Youngstown council meets to address gun violence

Youngstown Councilman Nate Pinkard and other council members address gun violence in the city.


YOUNGSTOWN, Ohio (WKBN) – It has been a violent couple of months in Youngstown, and city leaders are concerned about the number of murders.

Youngstown City Council members and newly-elected members met in Youngstown on Monday night to talk about what they can do to combat the issue.

Councilman Nate Pinkard, who represents the city’s third ward, said the community needs to stop the “senseless violence.”

“Once you pull that trigger, you cannot bring that bullet back again, and somebody’s life is taken and somebody else’s life is ruined for the rest of their lives,” he said.

From November 6 to December 3, there have been six murders in the city. Those victims include Erika Huff on Cleveland Street, killed November 6; Christopher Anderson on Montclair Avenue, November 7; Thomas Owens on West Myrtle, on November 14; Tony Brown, Jr. on Glenwood Avenue, November 16, Trey Chatman, near Wardle Ave. and West Liberty St., on Nov. 26, and Jeffrey Averette on High Street, December 3.

This year, there have been 22 homicides, up three from last year.

Map: Homicides in the Valley, 2015

Councilwoman Janey Tarpley represents the city’s sixth ward, where there have already been four murders. She said this is nothing new — the city has long had one of the highest crime rates in the U.S. But, she said, the city has been successful in decreasing violent crime as a whole, with a number of initiatives to reach out to the older young adults, who statistically seem to be committing the crimes.

Tarpley said council has the support of the Youngstown Police Department, with the Community Initiative to Reduce Violence (C.I.R.V). The initiative offers support services to those violent offenders willing to change, prevention programming to youth in the community and engages and solicits community participation in delivering violence deterrence messages.
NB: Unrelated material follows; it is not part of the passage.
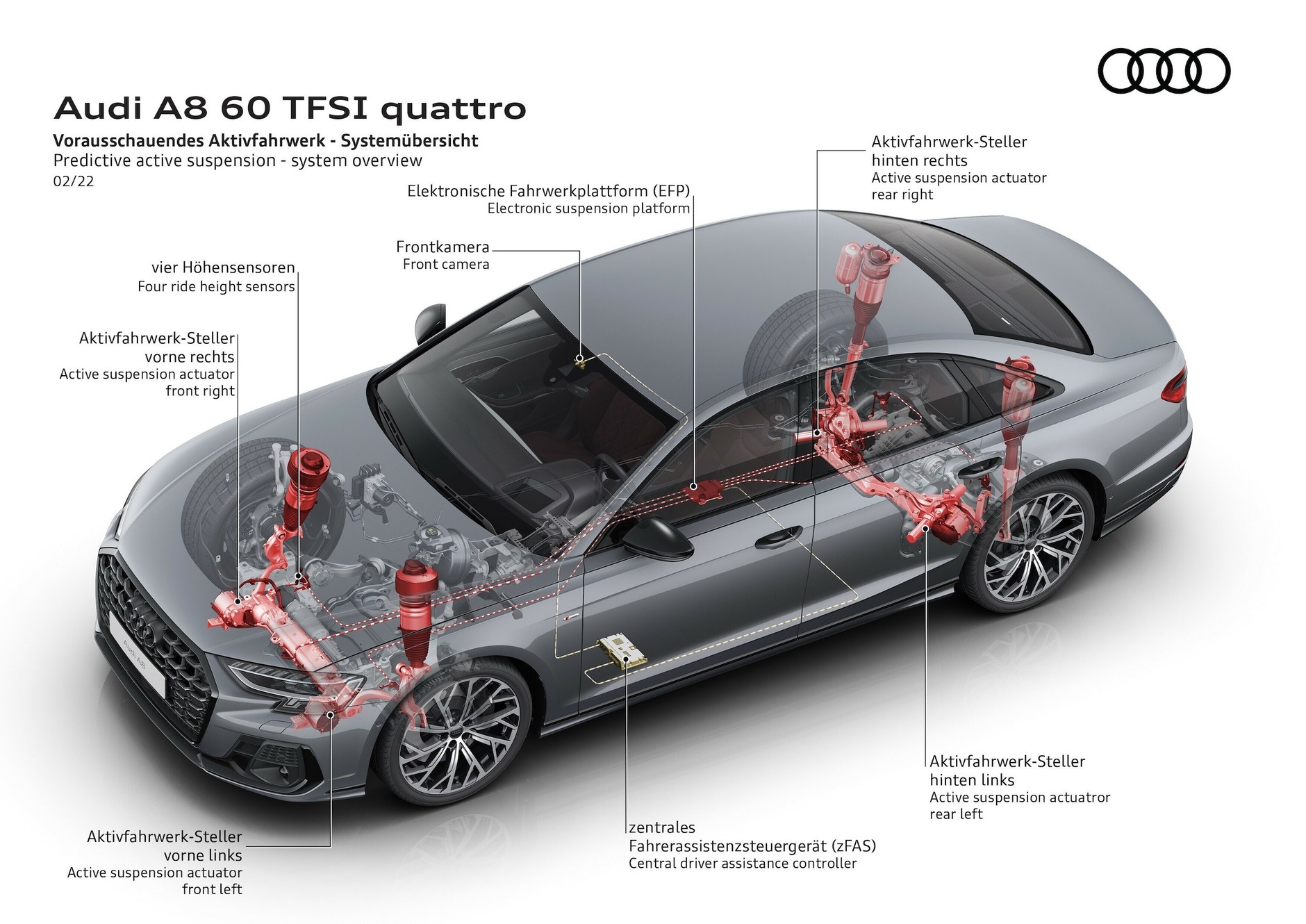 Audi A8 (2022 r., D5) – ilustracje techniczne – układ zawieszenia predykcyjnego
“I don’t believe we are having the situation that we are seeing in other parts of the country with our police department, so we need to take advantage of that,” Tarpley said.

Annie Gillam, the first ward councilwoman who organized Monday’s meeting, said she would like to see increased funding to the C.I.R.V. initiative.

“We have seen results,” she said, adding that she would like to make people more aware of the program.

C.I.R.V. is run by Guy Burney — a one man operation. Gillam proposed that Burney be given a staff, which would mean spending more money

“I think it’s better to put money into this kind of program, rather than the prison system,” she said.

The issue of stricter gun control laws in Youngstown was discussed.  Councilwoman-elect Anita Davis, a former police officer who will soon represent the sixth ward, said there are sufficient laws on the books right now.

“We have officers that are enforcing those laws. They are making arrests on an almost daily basis, taking guns up off the street. So the laws that are there are being enforced,” she said.

Pinkard said the police department can’t combat gun violence alone. It is up to the community to band together by reporting such incidents, he said.

“One of the things that disturbs me a lot in our communities is that people hear gunfire and nobody calls police,” he said. “Gunfire shouldn’t be a way of life. You shouldn’t hear that in your neighborhoods.”